When looking up an item, click on Search, and from the dropdown box choose between Keyword and Browse. Keyword is great if you’re not sure of the exact wording of the title, or if you’d like to see several related items. Browse is perfect if you know the exact title or author’s name, and you want the computer to browse through the alphabetic listing to find only that title or author.
For example, suppose you enjoyed watching Downton Abbey last winter, and you decide you’d like to watch it again while you wait for season 3 to come out. Click on Search, then Browse, and type in Downton Abbey, and you’ll see the DVDs for seasons 1 and 2. However, if you choose Search and Keyword, you’ll get the Downton Abbey DVDs plus a book called The World of Downton Abbey and another titled The Unofficial Downton Abbey Cookbook. These titles didn’t appear in a Browse search, because they fall elsewhere in the alphabetic listing of library materials, but they show up in a Keyword search because Downton Abbey is a keyword in both titles.
Let’s say you want to watch DVDs that are similar to Downton Abbey. There’s a toolbar on the left-hand side of the screen that says Narrow Your Search. If you scroll down farther, you’ll see Related Searches, and under that, Subjects. You’d like to watch a film with servants and their masters, but you don’t see that subject listed. Click on More, and then Household employees pops up.

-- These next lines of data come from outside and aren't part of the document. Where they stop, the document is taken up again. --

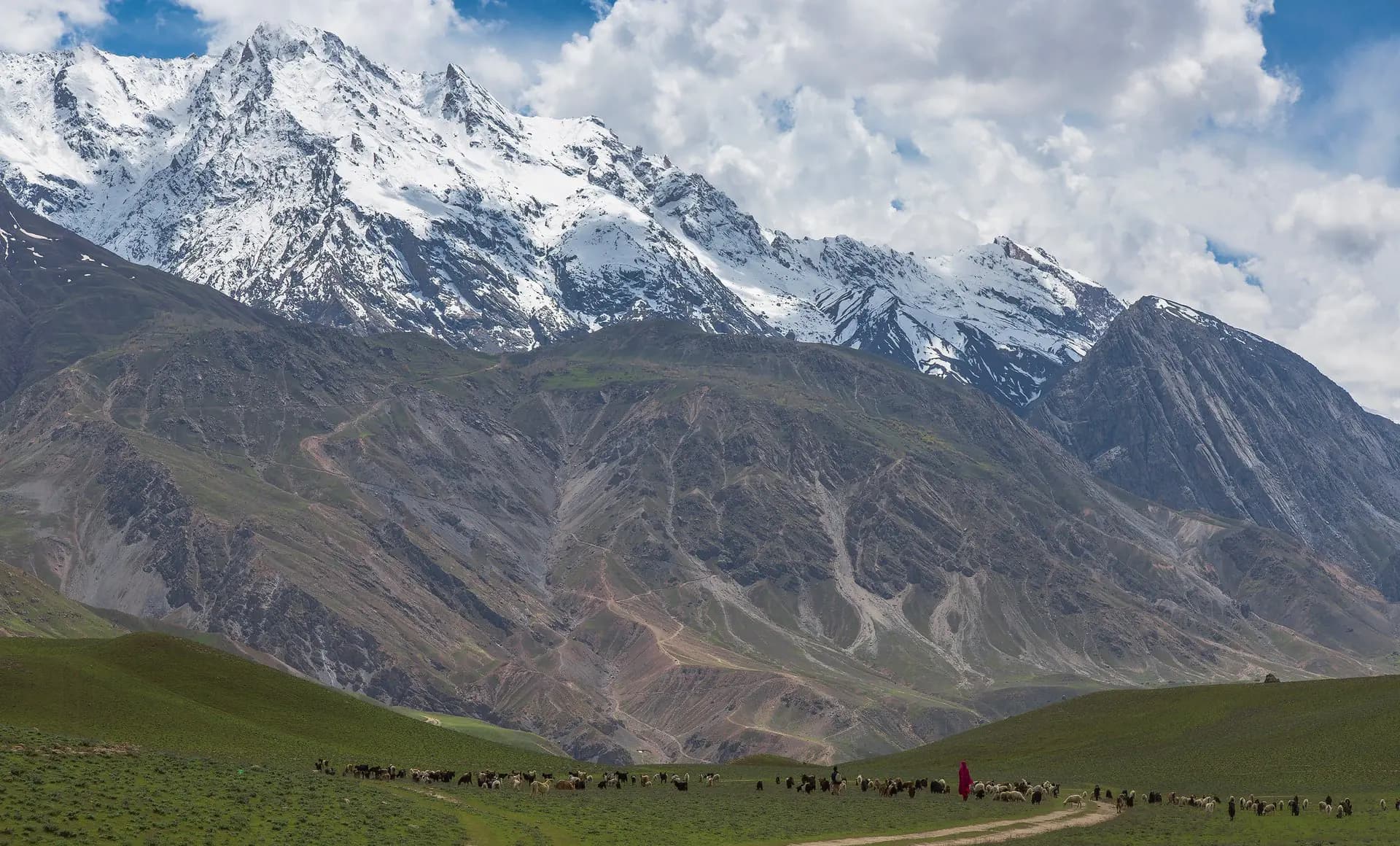 Chitral Gol National Park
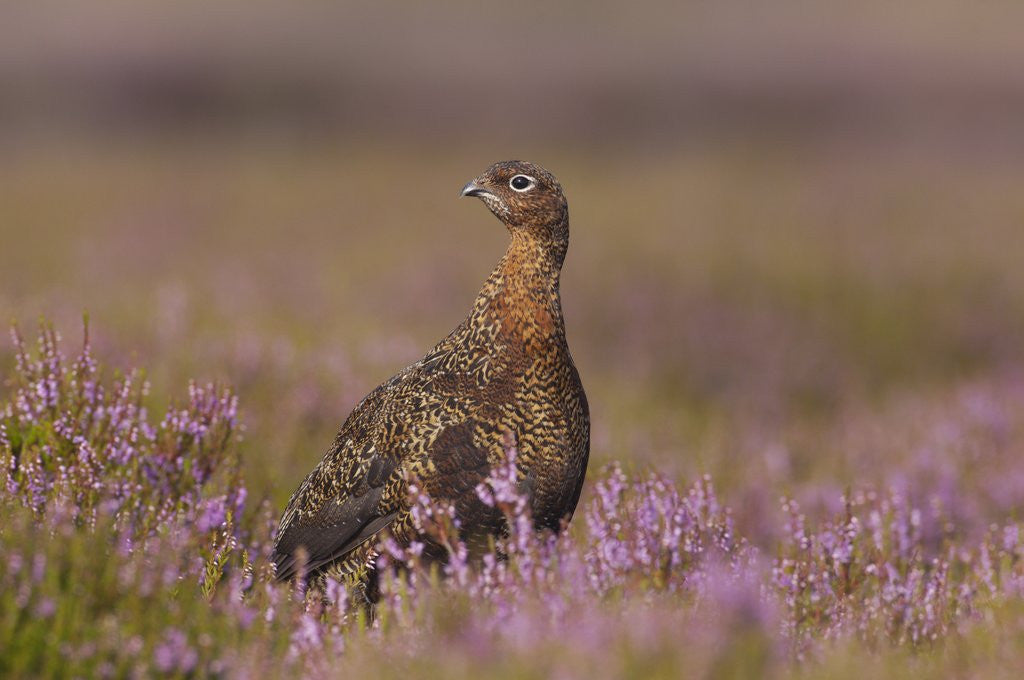Detail of Red grouse standing on alert in moorland by Anonymous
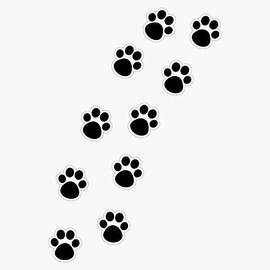 Cat Paw Track Sticker Outdoor Rated Vinyl Sticker Decal for Windows, Bumpers, Laptops or Crafts 5"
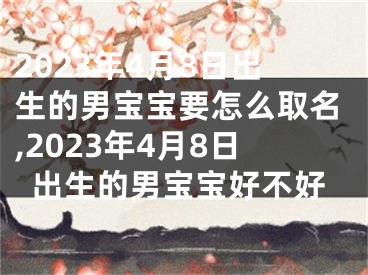 2023年4月8日出生的男宝宝要怎么取名,2023年4月8日出生的男宝宝好不好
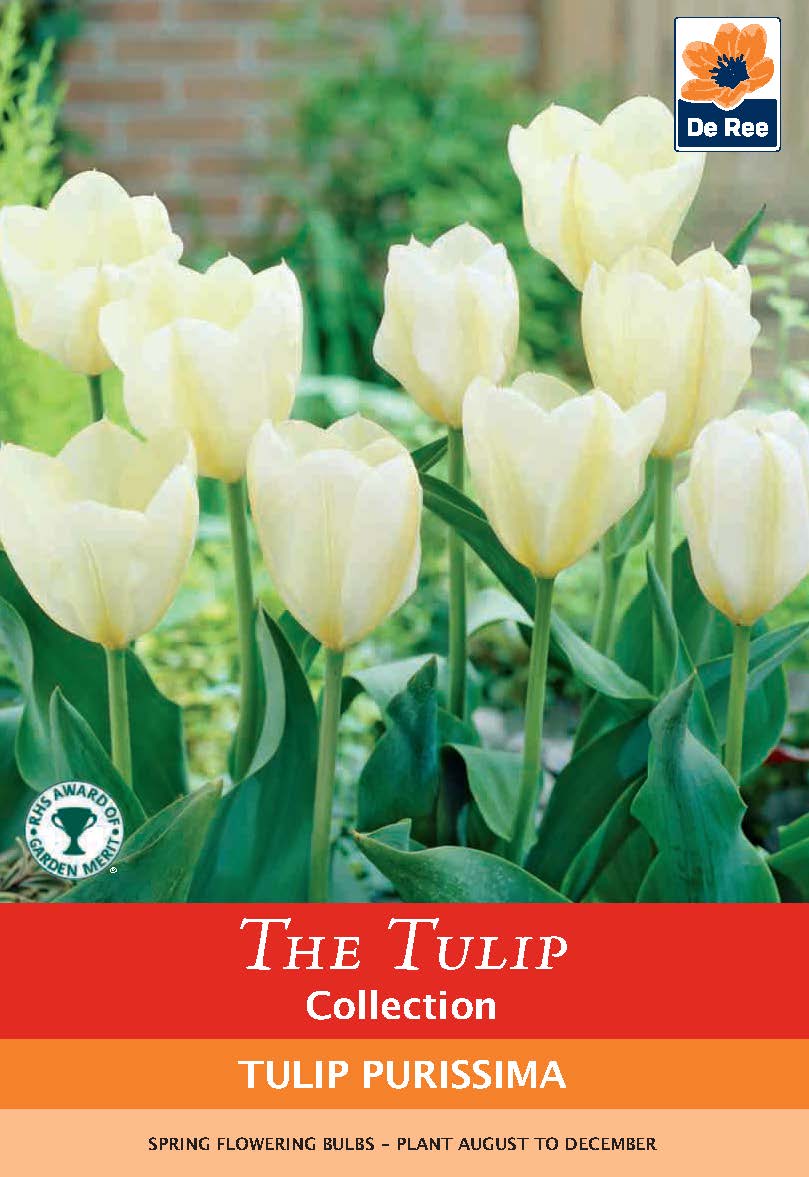 Tulip 'Purissima' (4 Bulbs)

When you click on that, you see you have 110 matches. Now we’ll use the top of the left-hand toolbar to Narrow Your Choices. This is like shopping for shoes at Zappos. If you narrow yoursearch by selecting DVD under Type of Material, you get 9 results, including The Help, TheHousemaid, and Upstairs, Downstairs.
Now you decide you’d like to read a book instead, so you click on DVD to deselect it, and choose Book. There are 95 matches, so you narrow your Subject to Great Britain, then scroll down to Target Audience and choose General/Adult (other options include juvenile and adolescent). Then you choose to limit your search to just those books in our library, so you click on Frank L Weyenberg Library, which narrows your choices down to three, including The House at Tyneford and The Gentleman Poet. Now look at the right-hand side of your screen: clicking on Availability tells you that the book available in the AD New Fiction collection, so you head for the rotunda and find it under the author’s name, Solomons.
So the left-hand toolbar can be used two ways: starting with a broad topic, you can narrow your search, (think Zappos), or beginning with a particular book or movie title, you can broaden your search to find other similar items.
One last thing: The library carries items in several different formats. On the right-hand side of the screen you will see blue icons which tell the format of the item you are looking at: be sure to take note of those so that you get the format you desire.